Im Terrace Hill erklangen Werke der Bach-Preis-Stipendiaten Shen Ye und Leopold Hurt

Hamburg. Im Schatten des Bach-Preises, den die Stadt Hamburg alle vier Jahre verleiht, pflanzt sie auch Setzlinge für die Zukunft der Musik: Sie vergibt Bach-Preis-Stipendien an aufstrebende Komponisten. Am Sonntag präsentierte die Kulturbehörde in der seltenen Rolle als Veranstalterin die beiden Stipendiaten des Jahres 2011, Leopold Hurt und Shen Ye, in einem Konzert im Terrace Hill, einem Klub im fünften Stock des Medienbunkers an der Feldstraße. Vier Stücke standen auf dem Programm, ganz brüderlich von jedem zwei.

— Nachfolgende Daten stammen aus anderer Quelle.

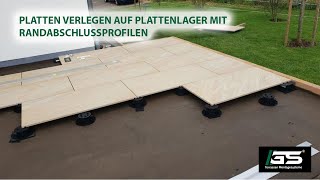 Keramische Platten Steinterrasse verlegen auf Plattenlager mit Randabschluss [upl. by Boar]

Shen Yes elektroakustische Komposition "Sword" (2010) für Flöte, Klavier und elektronische Zuspielung zog den Hörer in eine aufregend eigenständige Klangwelt, in der es stürmend, drängend, sekundenkurz kontemplativ und dann wieder wild auffahrend zuging. Shen wollte hier etwas vom ritterlichen Geist des alten China konservieren. Doch die Moderne war mit ihren vom Computer generierten Klangspuren omnipräsent.

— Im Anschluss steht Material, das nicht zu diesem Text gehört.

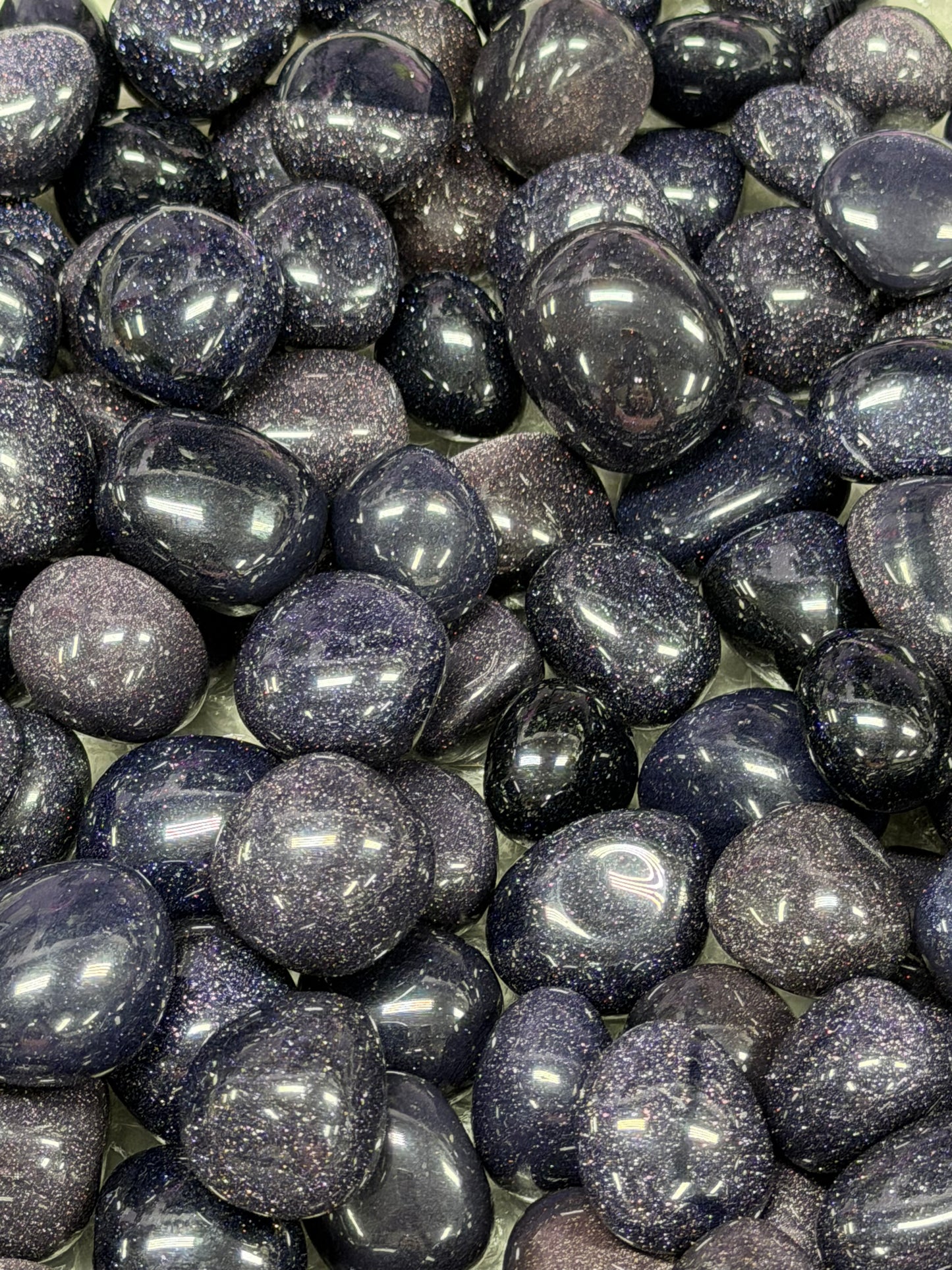 2 lbs Blue Goldstone Tumble Crystal Healing Energy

Als musikalische Auseinandersetzung mit der Historie ist auch "Erratischer Block" von Leopold Hurt angelegt. Durch das für Klarinette/Bassklarinette, Violine, Klavier, Schlagzeug, mikrotonale Alt-Zither und Zuspielung gesetzte Stück geistern Klangschnipsel 100 Jahre alter Volksmusik-Schellackaufnahmen aus Bayern und Niederösterreich wie Schemen, ehe sie sich im zweiten Teil der Komposition mehrfach ungestört ausbreiten dürfen. Hurt betreibt seine emotional wirkungsmächtige musikalische Archäologie als niemals historisierende Suche nach der verlorenen Zeit. Die knisternden, verrauschten Jodler und fast tranceartig sich wiederholenden Dreiklangsbrechungen der Volksmusik setzt er konsequent mit den Spielweisen und Klangräumen zeitgenössischer Kammermusik in Beziehung. Ein Set von Kuhglocken dominiert das Schlagzeug, Klarinette und Violine lauschen aus der großen Ferne der Gegenwart auf ihre Rolle als Lieferanten stereotyper alpenländischer Melodien, und Hurt bearbeitet seine scheinbar verstimmte, mikrotonal intonierte Zither auf alle erdenklichen Arten bis hin zu Sounds, die an die E-Gitarrenbehandlung in einer Punkrock-Band denken lassen.

Wie das Vergangene hier als Tonspur der Erinnerung fortlebte, das weckte eine sonderbare Form der Wehmut. Was kann aktueller Musik, die oft bestenfalls interessant gefunden wird, Besseres widerfahren, als Emotionen freizusetzen? Die Musiker des Abends: das Ensemble Decoder mit einigen Gästen. Dass man sich gegenseitig Stühle, Noten und Mikrofone für den nächsten Auftritt zurechtrückte, machte das musikalisch kompetente Erscheinungsbild zudem noch sehr sympathisch.